Примерно то же случилось и с нами. Правда, роль анжуйского играл коньяк с пивом. Ну, и до состояния бревен мы все-таки не дошли, но уровень чертей явно миновали. Огорчения по поводу возможной встречи Нового года вне дома как-то забылись, а жизнь стала казаться прекрасной и удивительной. В общем, все были хороши. Вскоре мне, разгоряченному обильными возлияниями, — сказал, посмеиваясь Вован, — вспомнилась поэзия, и я тут же разразился стихами. Читал я в основном про`клятых поэтов: Малларме, Верлена, Бодлера, Рэмбо. Не обошел вниманием и Вийона с Аполлинером. Представь, — хихикнул Вова, — сюрреализм сей картины. Маленький захолустный северный аэропорт. Поддатые прокурорские и милицейские чины слушают, как не менее поддатый доктор, припадая на колено, читает стихи старых французских поэтов, адресуя их единственной женщине — прокурору района, старшему советнику юстиции, весу в которой было под хорошую сотню килограмм! Сюр полнейший!!! Впрочем, все слушали довольно внимательно, и я, ободренный этим, разливался соловьем! Любовь переполняла все пространство комнаты, в углах ее призрачно мерцали парижские улицы, Елисейские Поля простирались далеко в холодную тундру, а высоко вверх вздымались шпили и купола соборов! И вот, в самый разгар этого стихоизвержения, слегка подремывающий в углу подполковник вдруг встрепенулся, поднял голову и, громко икнув, неожиданно спросил:
— Стихи, это, конечно, очень бла-а-родно, а вот как там, в Париже, насчет баб?
— Я, — сказал Вова, — услышав этот вопрос, поперхнулся на полуслове и разом онемел! — Прикинь, — сказал Вовка, — этот подполковник точь-в-точь повторил слова героя повести Стругацких. Мгновенно пред моим взором, как живой, возник тот самый герой — дон Тамэо! Мне разом открылась истина: вот почему Стругацких читали, читают и будут читать! Просто все их герои взяты из реальной жизни! А жизнь — бессмертна! Ее многообразие — бесконечно!
После этой реплики, — продолжил рассказ Вова, — в комнате повисла тишина. — Кто и о чем думал в тот момент — я не знаю, но мне кажется, не о стихах, уж я — точно не о них!
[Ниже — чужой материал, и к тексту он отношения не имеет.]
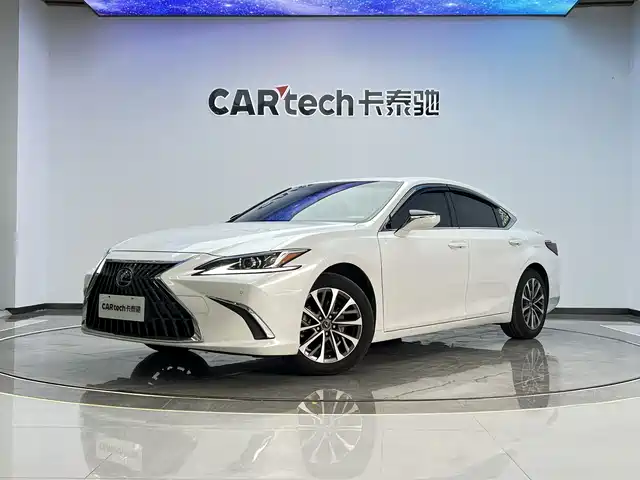 LEXUS ES 2022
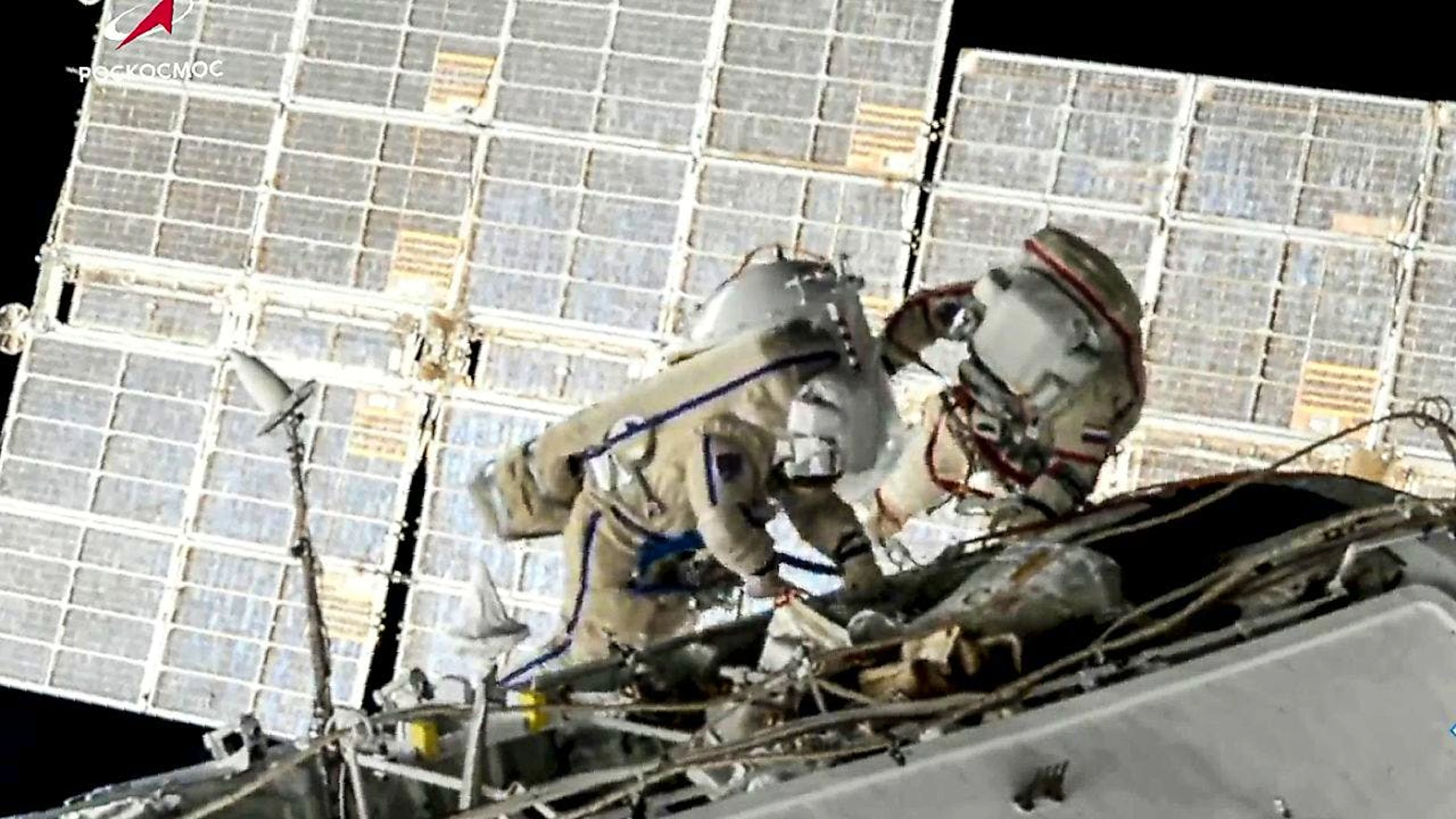 Die beiden Nasa-Astronauten ersetzten bei dem rund sechsstündigen Ausseneinsatz auf der Internationalen Raumstation ISS unter anderem defekte Lichtfilter und Reflektoren. (Archivbild)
Вскоре молчание прервала прокурор:
— Спасибо, доктор, спасибо, — растроганно проговорила она. — Мне мужчины уже лет тридцать стихов не читали! Тронута, — и смахнула слезу с глаз.
— После этого, — сказал, грустно улыбаясь, Вова, — настроение как-то изменилось. Все поскучнели, примолкли, ушли в себя. А тут и вообще объявили посадку. Мы благополучно перебазировались в самолет и так же благополучно взлетели. В самолете все дрыхли без задних ног, и никого уже не тошнило. Домой я умудрился прибыть за полтора часа до наступления Нового года. И теперь у меня в памяти, — добавил Вова, — навсегда останется эта бессмертная реплика «дона Тамэо в погонах», стихи о любви, что я рассказывал в маленьком аэропорту среди ледяной тундры, и огромный мороженый таймень, которого я с трудом доволок на 6-й этаж — благо менты меня подвезли к самому подъезду. Вот так! Ничего вроде особенного, а впечатления — незабываемые, — улыбнувшись, закончил рассказ Владимир.
Сашка помолчал и, хитро улыбнувшись, добавил:
— Вован, рассказывая мне историю, выглядел очень довольным — прямо светился весь. Причем это было так искренне, что мне стало жалко, что это не я туда полетел. Хотя, что я? Я бы, кроме матерных частушек, ничего там сказать бы не смог, — закончил рассказ Сашка Брюханов.
— А что, интересный случай. И если бы мне в жизни случилось увидеть такую сцену, я бы тоже запомнил ее надолго, ибо Стругацких очень люблю, — ответил Миша Биттер.
— Так! — хлопнув ладошками по коленям, сказал Самуилыч. — Пиво и сказки кончились, начинается дельтапланерист. Пошли…
— А на фига нам вскрывать этого… планериста? Если он с двухсот метров навернулся? Что мы там увидим? — спросил кто-то.
— А представьте, что в него выстрелили с земли. Что тогда?
— Ну, если выстрелили, то да, то конечно…
Когда подходили к крыльцу морга, Самуилыч спросил у Сашки Брюханова:
— А ты в курсе, что было потом с тем экспертом? Ну, которого за ложные…
— Да, кажется, следствие ему мотало кишки на плетень месяца три, а потом просто уволили, и где он сейчас — никто в нашем Бюро не знает.